### Source material ###
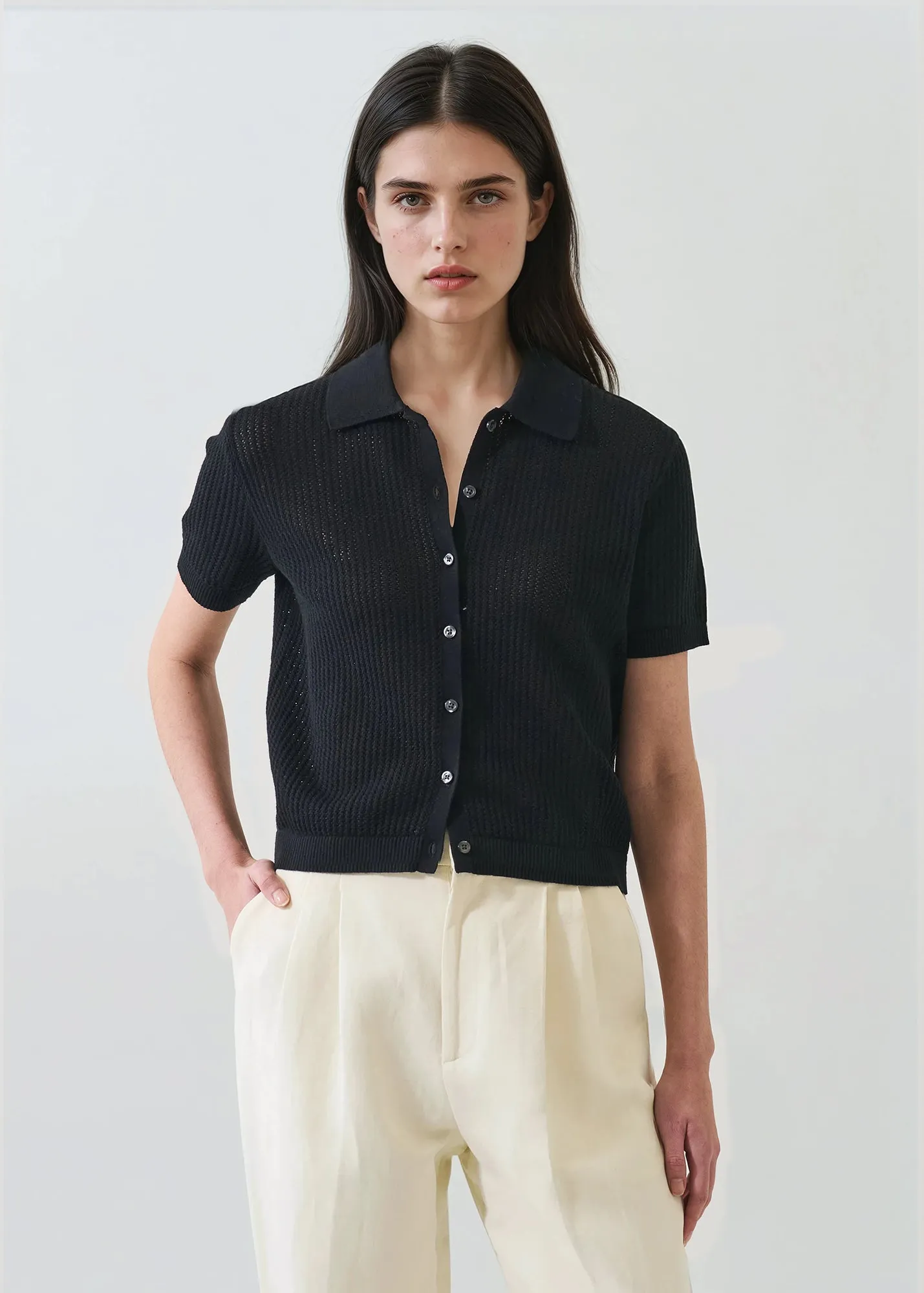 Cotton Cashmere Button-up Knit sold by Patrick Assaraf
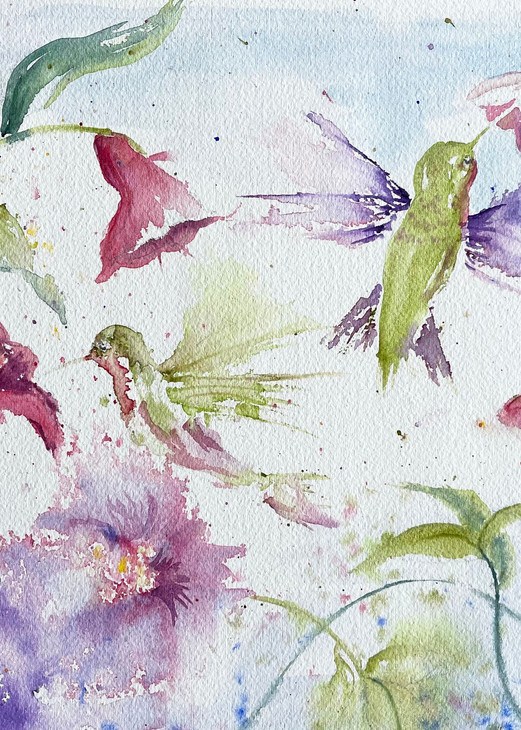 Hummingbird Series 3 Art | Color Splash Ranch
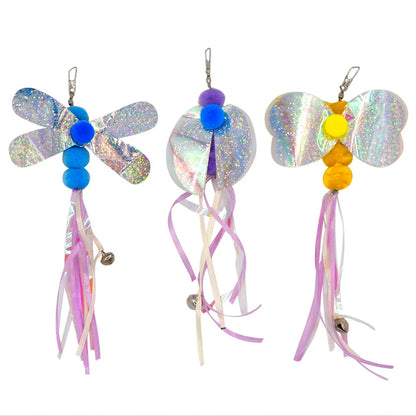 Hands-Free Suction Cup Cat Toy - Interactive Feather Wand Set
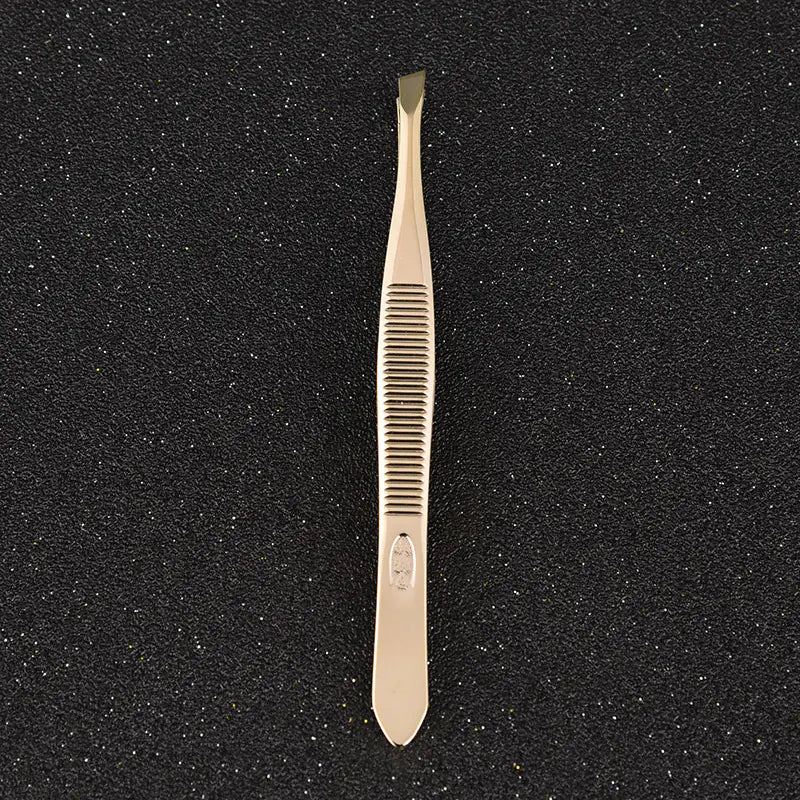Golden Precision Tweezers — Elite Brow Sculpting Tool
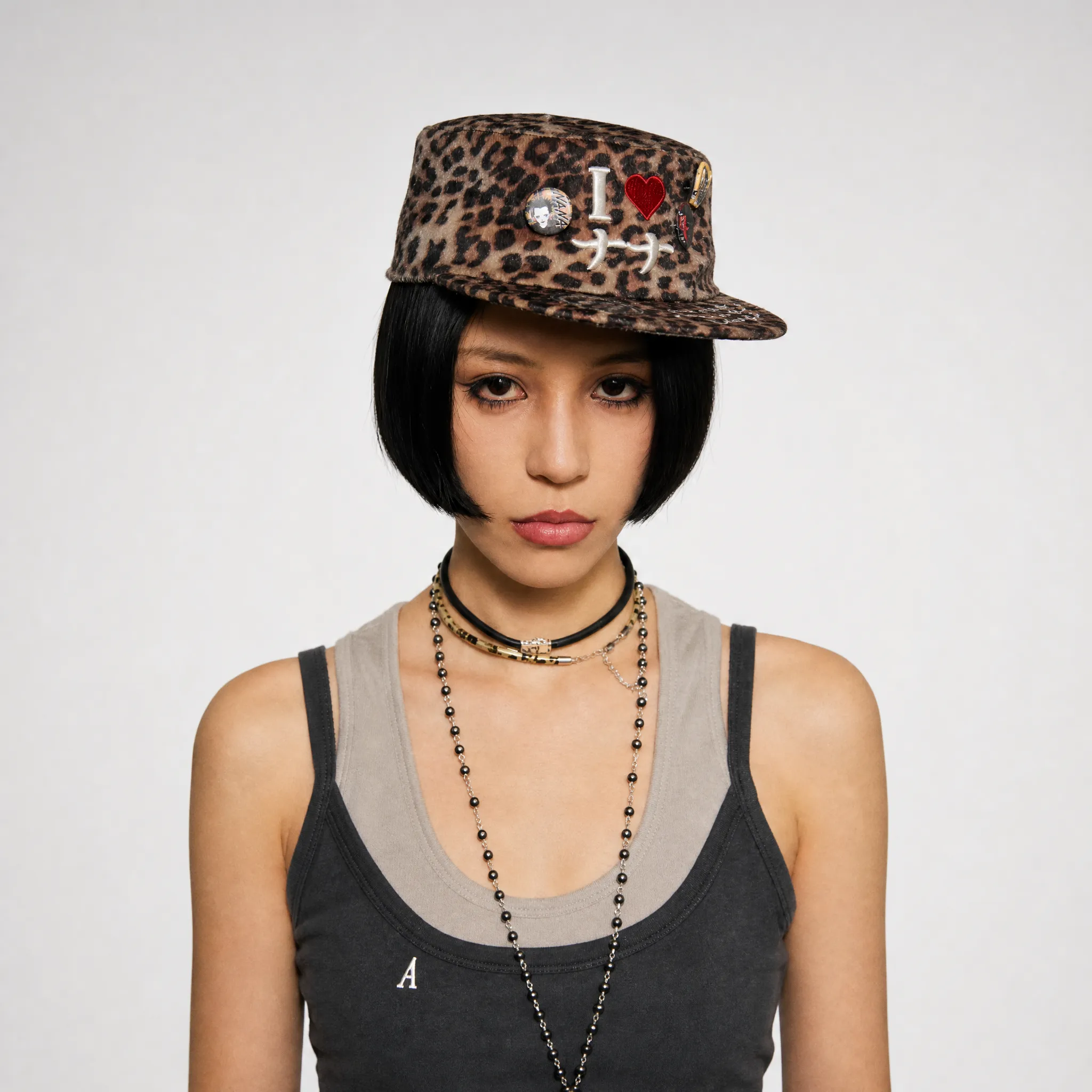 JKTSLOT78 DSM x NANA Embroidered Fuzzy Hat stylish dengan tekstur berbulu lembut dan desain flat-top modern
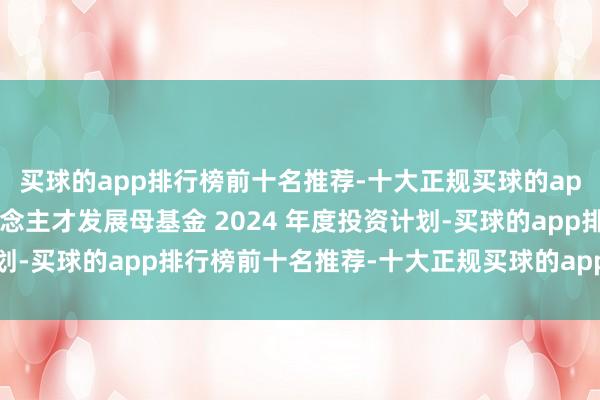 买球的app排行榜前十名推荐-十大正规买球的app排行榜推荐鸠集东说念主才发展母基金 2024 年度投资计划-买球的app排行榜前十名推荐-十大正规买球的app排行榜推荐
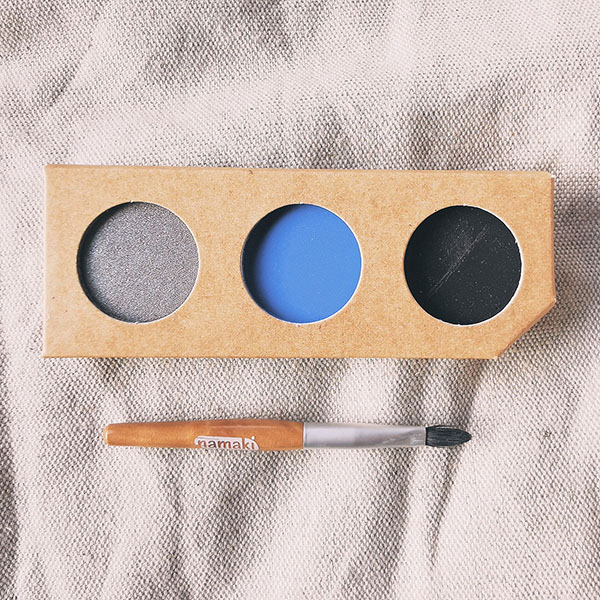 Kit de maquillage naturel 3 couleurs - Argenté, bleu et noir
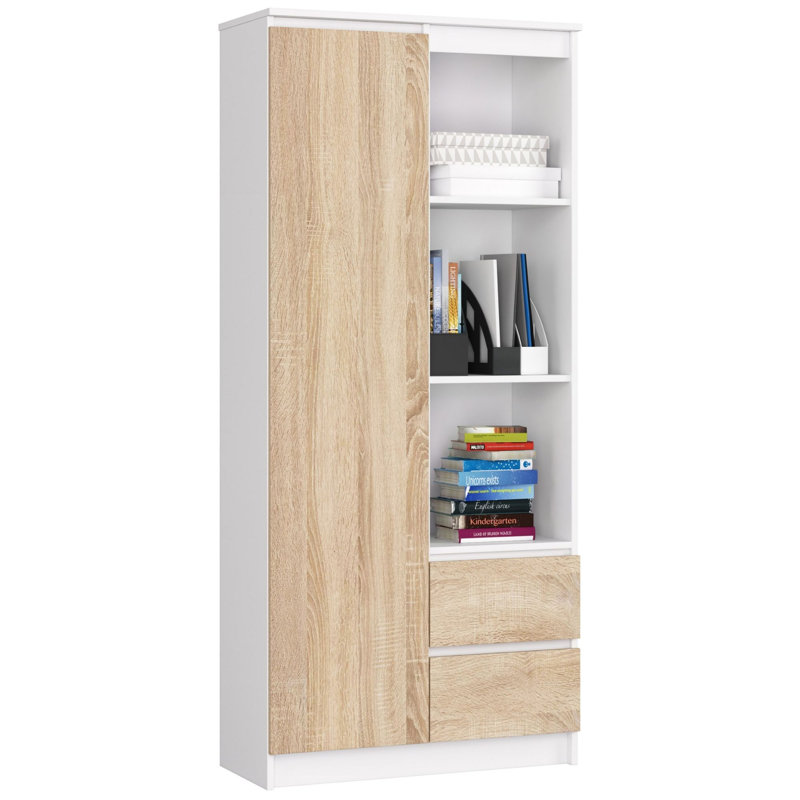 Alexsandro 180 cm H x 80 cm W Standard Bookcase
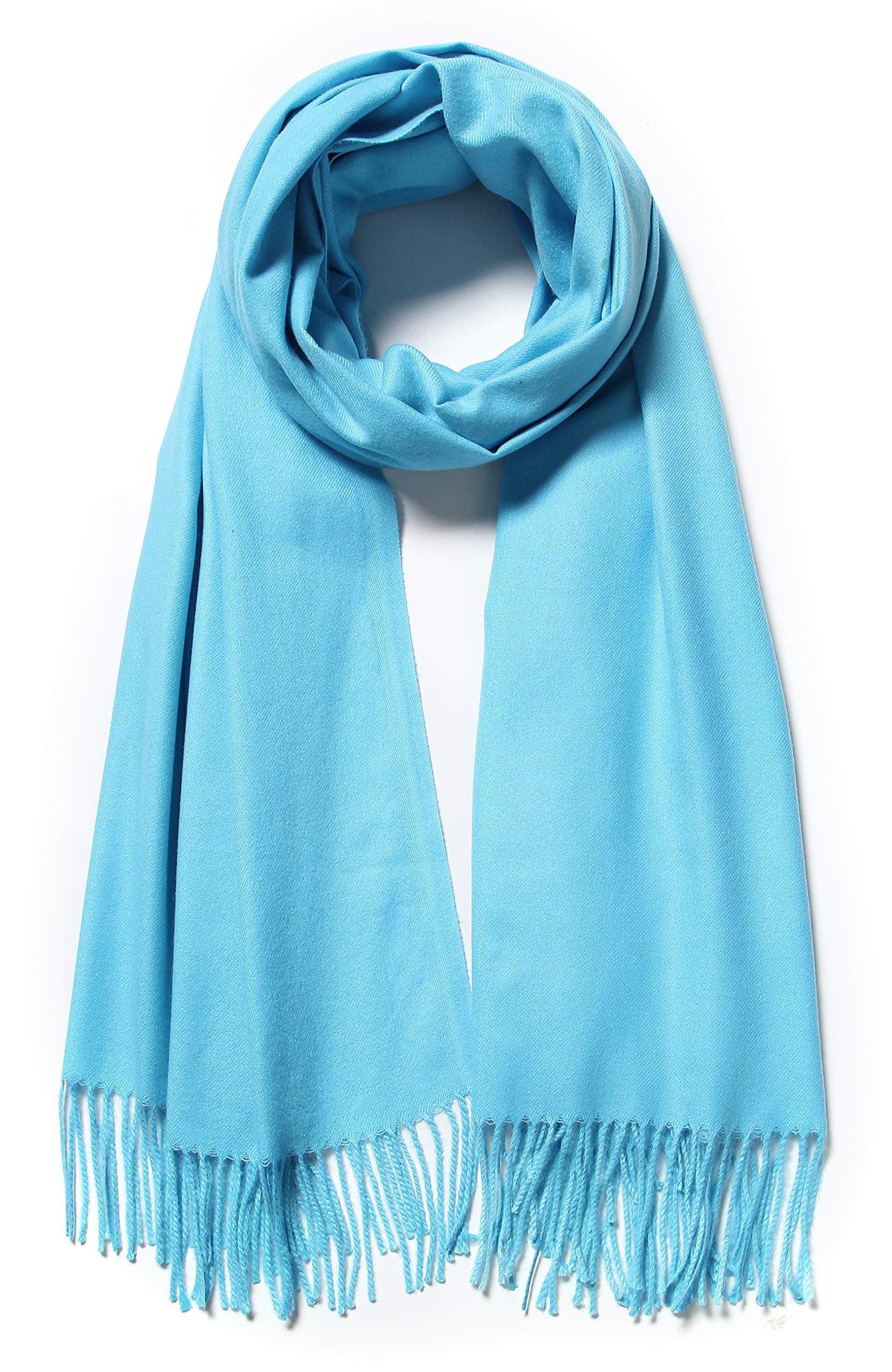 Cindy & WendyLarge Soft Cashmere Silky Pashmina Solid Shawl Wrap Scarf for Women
###
Directions: Extract precisely the lines beginning at the line containing "JKTSLOT78 DSM x" and ending at the last line of the entries above, exactly as written and with no pictures.

Answer box:
 JKTSLOT78 DSM x NANA Embroidered Fuzzy Hat stylish dengan tekstur berbulu lembut dan desain flat-top modern
 买球的app排行榜前十名推荐-十大正规买球的app排行榜推荐鸠集东说念主才发展母基金 2024 年度投资计划-买球的app排行榜前十名推荐-十大正规买球的app排行榜推荐
 Kit de maquillage naturel 3 couleurs - Argenté, bleu et noir
 Alexsandro 180 cm H x 80 cm W Standard Bookcase
 Cindy & WendyLarge Soft Cashmere Silky Pashmina Solid Shawl Wrap Scarf for Women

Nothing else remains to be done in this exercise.